(Excerpted records):
+ + +

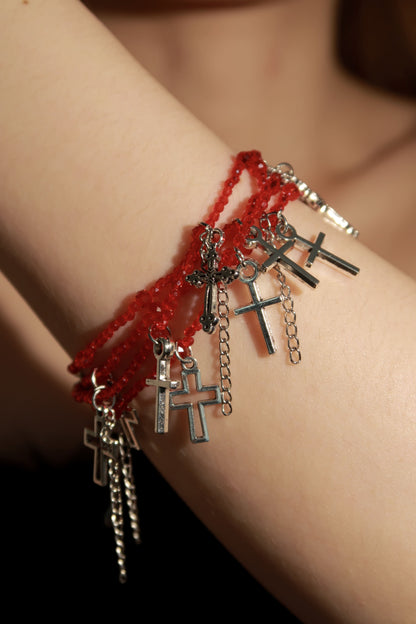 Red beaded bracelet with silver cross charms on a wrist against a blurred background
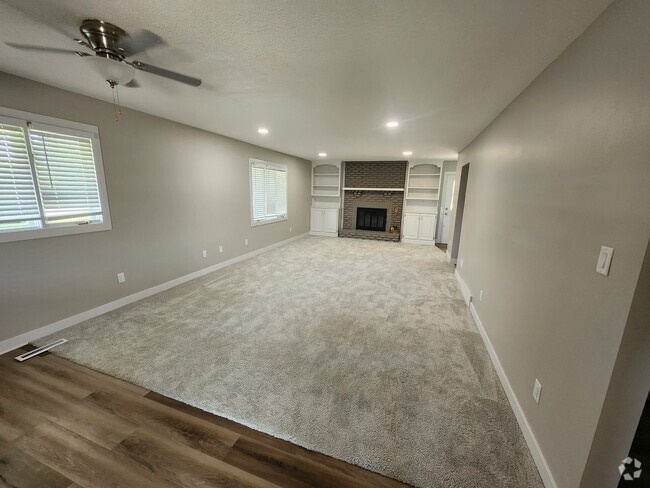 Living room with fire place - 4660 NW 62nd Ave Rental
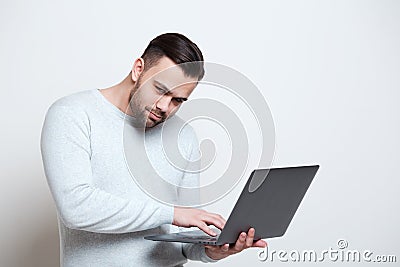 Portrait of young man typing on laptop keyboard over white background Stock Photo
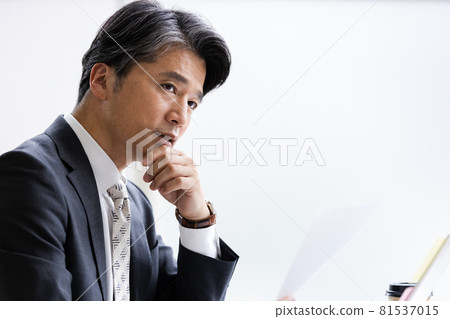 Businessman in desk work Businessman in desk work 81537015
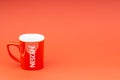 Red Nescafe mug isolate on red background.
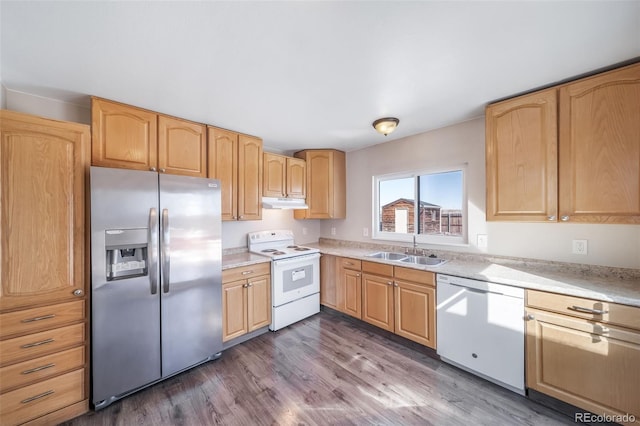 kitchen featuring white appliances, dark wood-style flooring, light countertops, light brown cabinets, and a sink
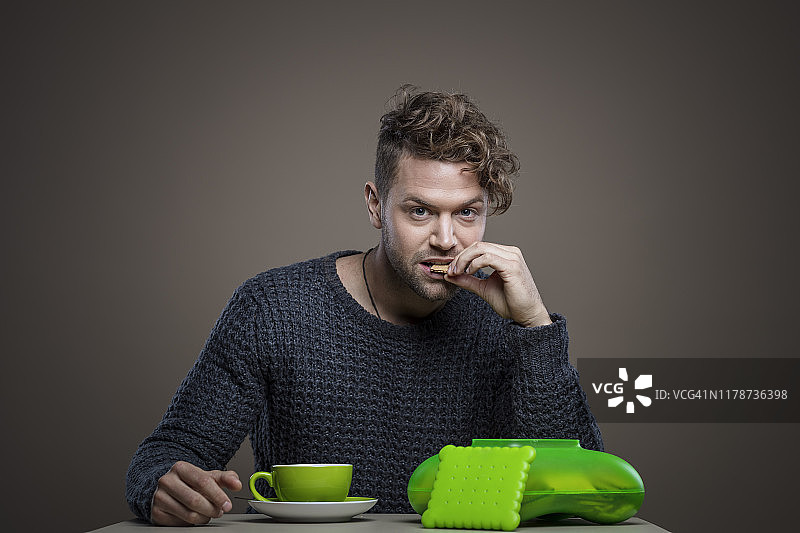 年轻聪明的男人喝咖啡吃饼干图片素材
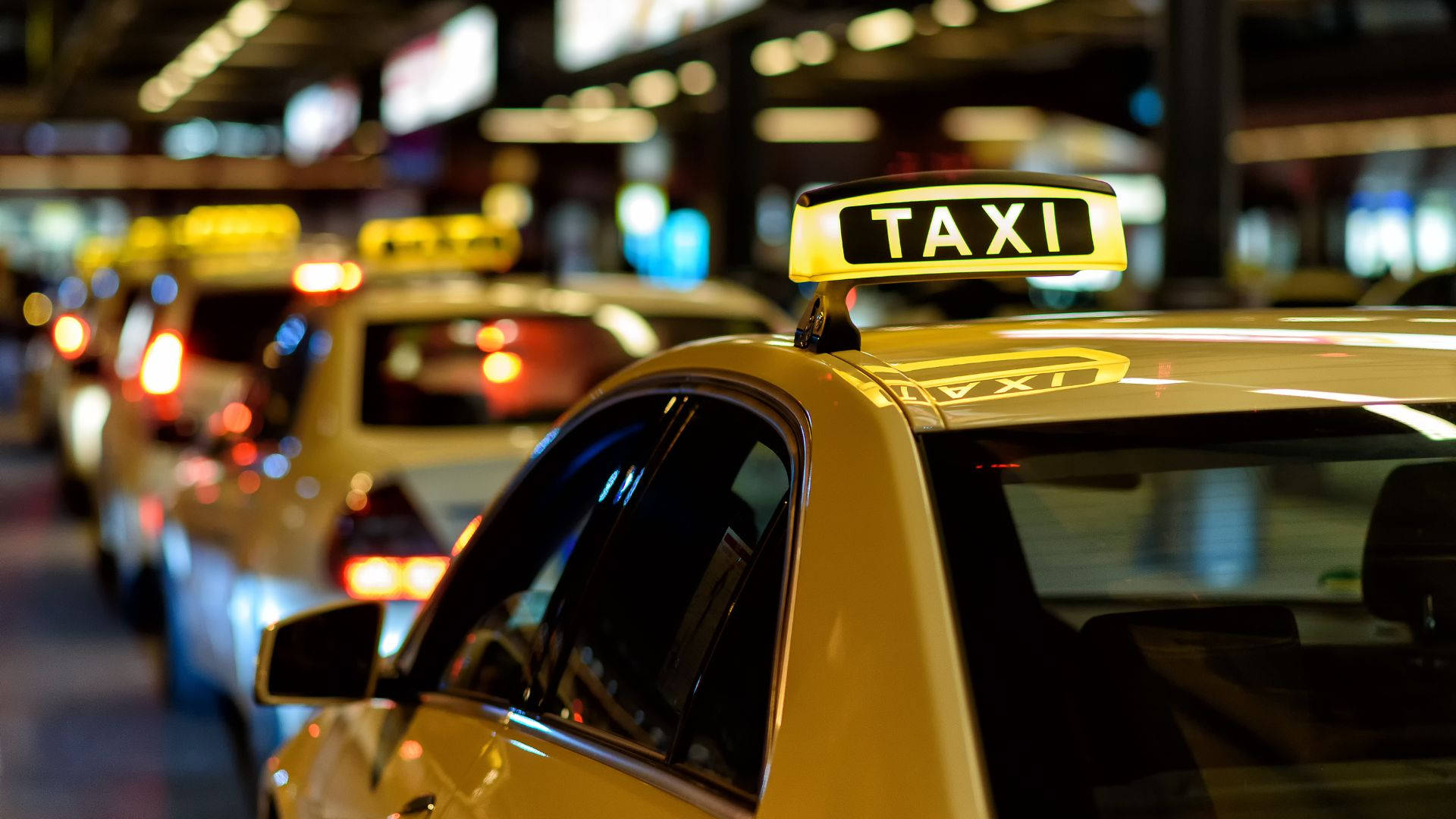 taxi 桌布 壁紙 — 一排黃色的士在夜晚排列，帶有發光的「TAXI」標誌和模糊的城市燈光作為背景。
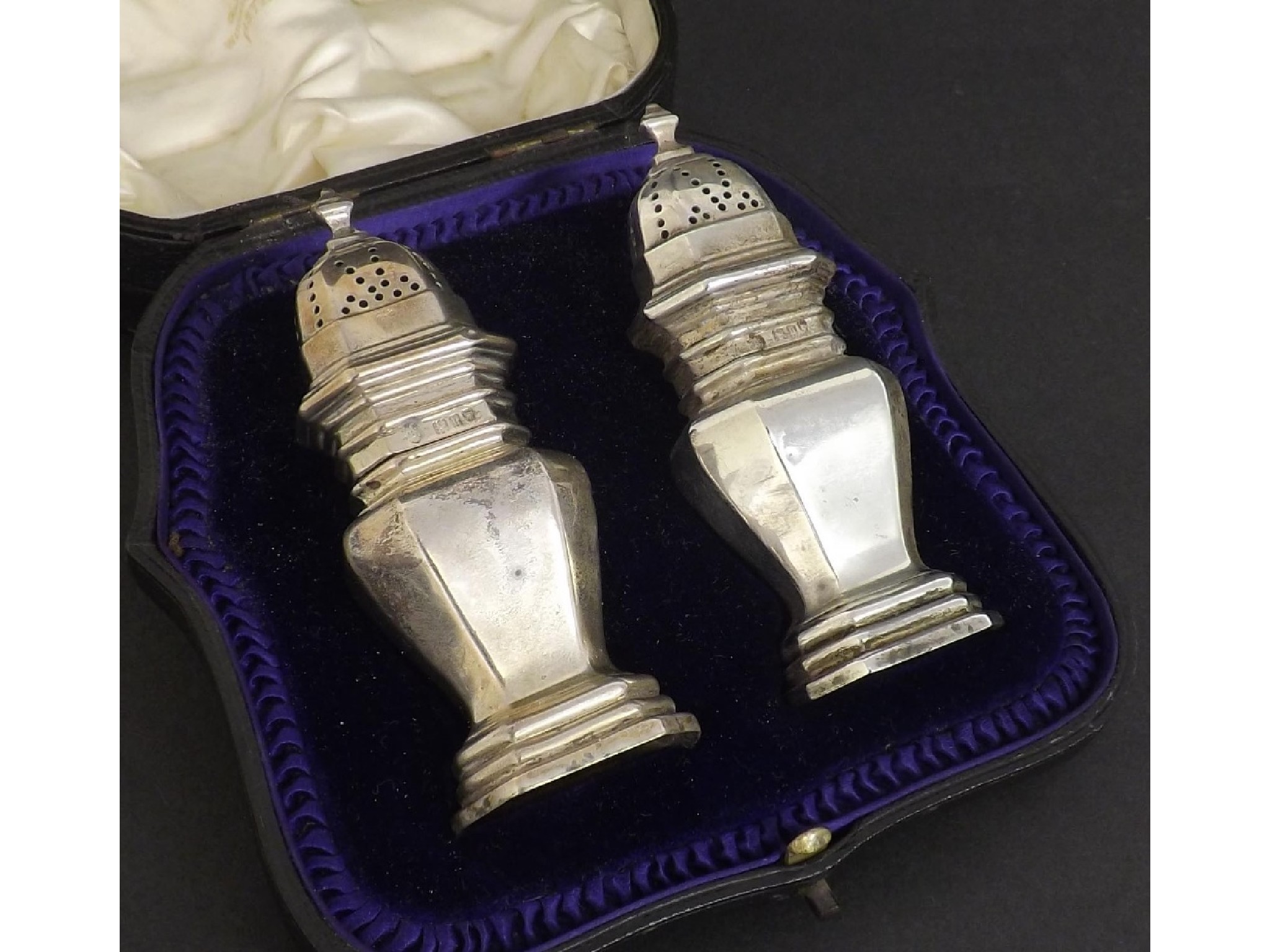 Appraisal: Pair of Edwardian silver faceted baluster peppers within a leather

+ + +

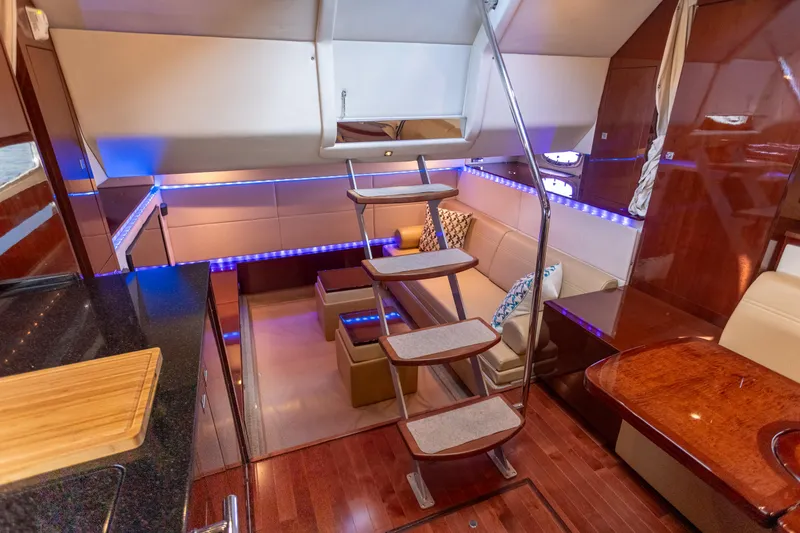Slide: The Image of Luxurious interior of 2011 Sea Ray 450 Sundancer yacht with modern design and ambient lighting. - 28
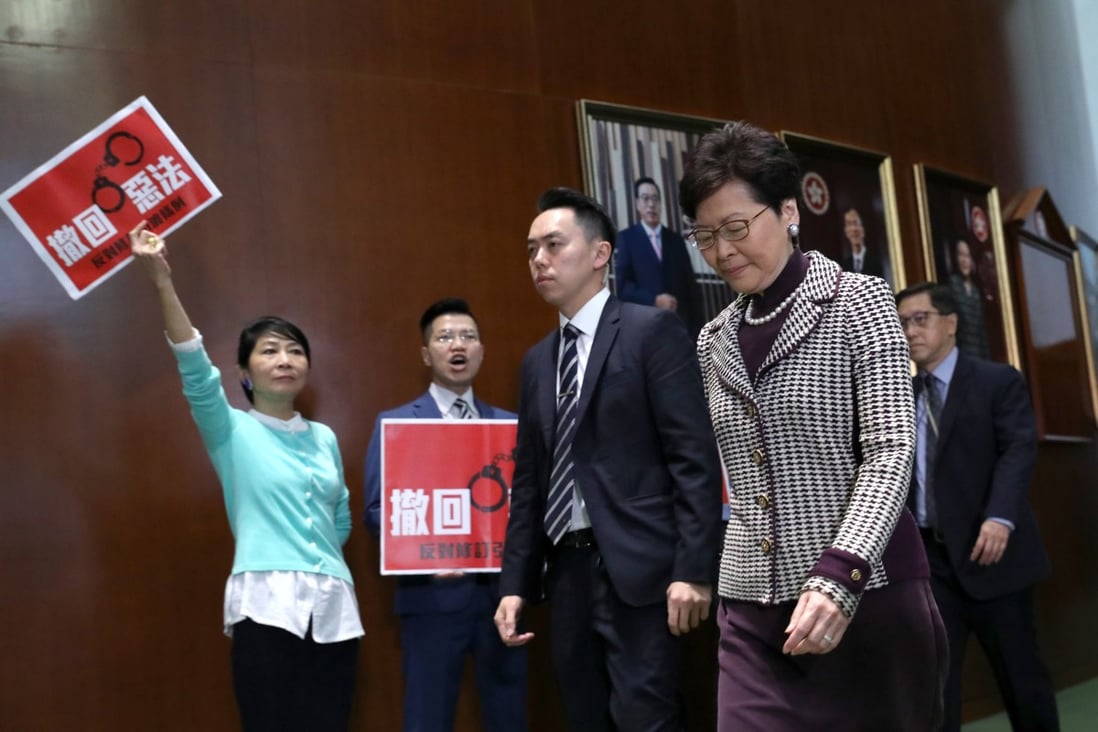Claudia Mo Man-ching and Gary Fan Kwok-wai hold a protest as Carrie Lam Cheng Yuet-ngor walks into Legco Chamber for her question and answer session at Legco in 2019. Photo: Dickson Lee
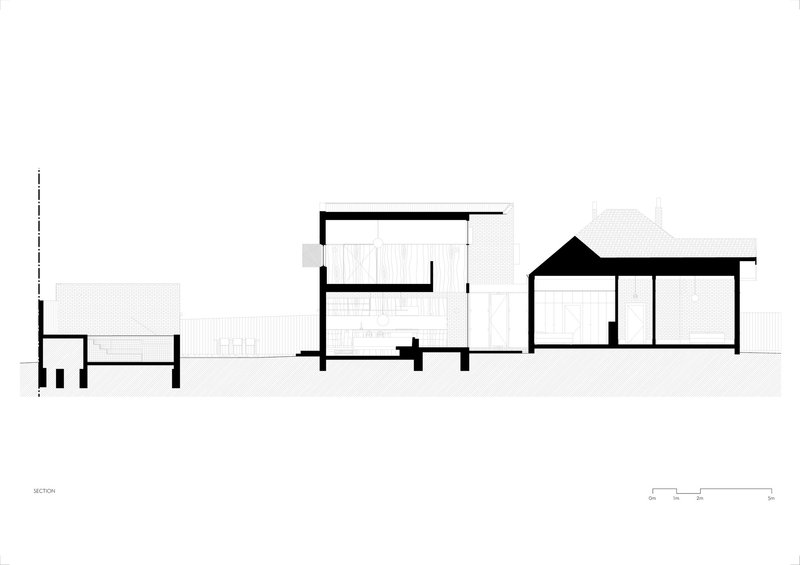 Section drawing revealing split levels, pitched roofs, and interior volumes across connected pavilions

+ + +

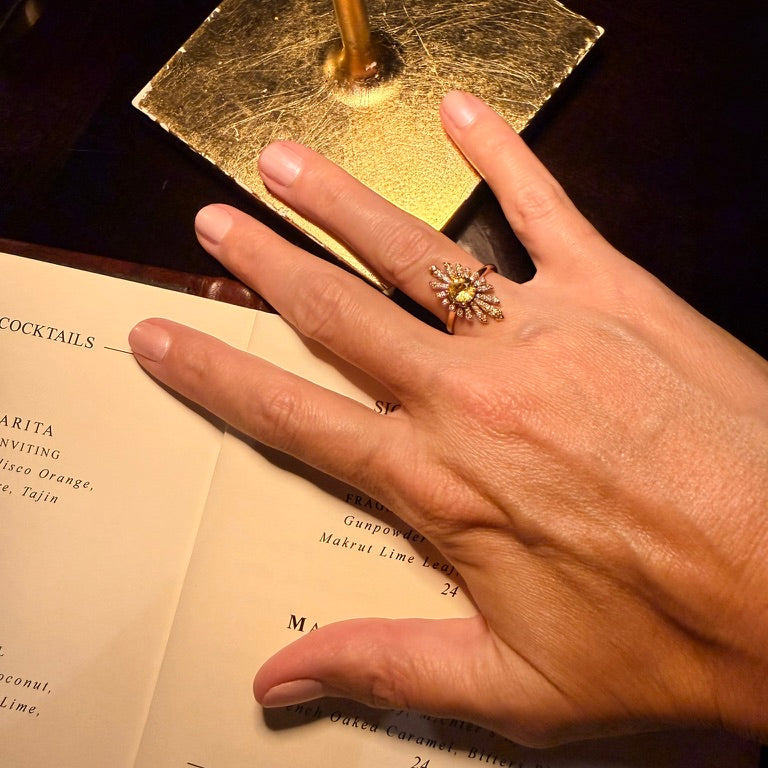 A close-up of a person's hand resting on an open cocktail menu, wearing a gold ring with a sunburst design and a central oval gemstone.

+ + +

(Work to complete):
What you return from the records above should be exactly everything from the line with "Red beaded bracelet" down to the line with "Appraisal: Pair of", both kept, and no pictures.

(Solution to this task):
 Red beaded bracelet with silver cross charms on a wrist against a blurred background
 Living room with fire place - 4660 NW 62nd Ave Rental
 Portrait of young man typing on laptop keyboard over white background Stock Photo
 Businessman in desk work Businessman in desk work 81537015
 Red Nescafe mug isolate on red background.
 kitchen featuring white appliances, dark wood-style flooring, light countertops, light brown cabinets, and a sink
 年轻聪明的男人喝咖啡吃饼干图片素材
 taxi 桌布 壁紙 — 一排黃色的士在夜晚排列，帶有發光的「TAXI」標誌和模糊的城市燈光作為背景。
 Appraisal: Pair of Edwardian silver faceted baluster peppers within a leather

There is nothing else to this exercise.